もし携帯電話で手の動きに基づいて友人に絵文字を送ることができるとしたらどうですか?
その夢がついに現実となりました。 このソリューションは、STのマルチゾーンToF(Time-of-Flight)測距センサを使用するもので、カメラは不要です。 AIアルゴリズムはSTM32マイクロコントローラ上で動作するため、複雑な処理が不要で、しかも低消費電力です。
独自のハンド・ポスチャを定義し、データセットを収集し、AIモデルを学習させることでアプリケーションを開発できます。
アプローチ
開発プロセスは、以下のステップに基づきます。
- まず、独自のハンド・ポスチャを定義します。
- 8 x 8マルチゾーンToF測距センサ(VL53L5CX、VL53L7CX、VL53L8CXなど)からの距離および信号データを使用して、数人のユーザからデータセットを収集します。
- STM32 Model zooからの学習スクリプトでAIネットワークを学習させます。
- STM32Cube.AI Developer CloudまたはSTM32 Model zooに含まれる「Hand Posture Getting Started」を使用して、選択したSTM32マイクロコントローラにAIモデルを実装します。
このアプローチによりアプリケーションを素早く開発できることに加え、ハンド・ポスチャの自由度が高く、しかもメモリ使用量と消費電力を抑えることができます。

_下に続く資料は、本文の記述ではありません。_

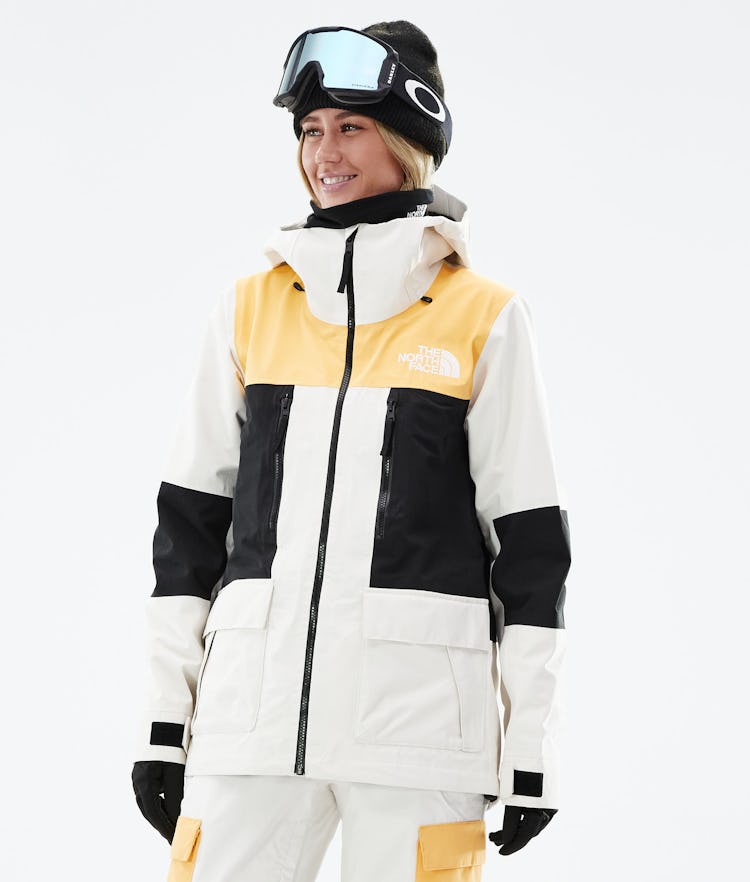 Face Dragline Ski jas Dames Gardenia White/Chamoise Orange/Tnf Black - Wit |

ToF測距センサは、アプリケーションに応じてユーザの前に(PC、満足度調査ボックス)、天井に向けて(調理台)、または移動物体に固定して(スマート・グラス)設置できます。
センサ
データ
データフォーマット
8 x 8測定距離および信号レート
アプリケーションや反応性に合わせた周波数
結果
モデル CNN 2D
メモリ・フットプリント
使用Flashメモリ: 29KB(重みデータ)
使用RAM: 3KB(アクティベーション・バッファ)
精度 96.4%
性能(STM32F401 @ 84MHz使用時)
推論時間: 1.5ms
混同行列
モデル・リポジトリ ST Edge AI Model Zoo
リファレンスAIモデル群は、付属の実装スクリプトを使用してSTの機器上で動作するよう最適化されています。Model zooはAIの機能を組込みアプリケーションへ追加するための価値あるリソースです。
コード最適化ツール STM32Cube.AI
無償のSTM32Cube拡張パッケージX-CUBE-AIにより、ニューラル・ネットワークや機械学習モデルといった学習済みAIアルゴリズムを、STM32に最適化されたCコードへ自動変換できます。
対応製品 STM32F4シリーズ
Arm® Cortex®-Mベース32bitマイコンのSTM32ファミリは、マイコン・ユーザに高いレベルの自由を提供します。完全統合性および開発の容易さを維持しながら、高性能、リアルタイム性能、豊富な機能、デジタル信号処理、低消費電力 / 低電圧駆動、およびコネクティビティを兼ね備えた製品を提供します。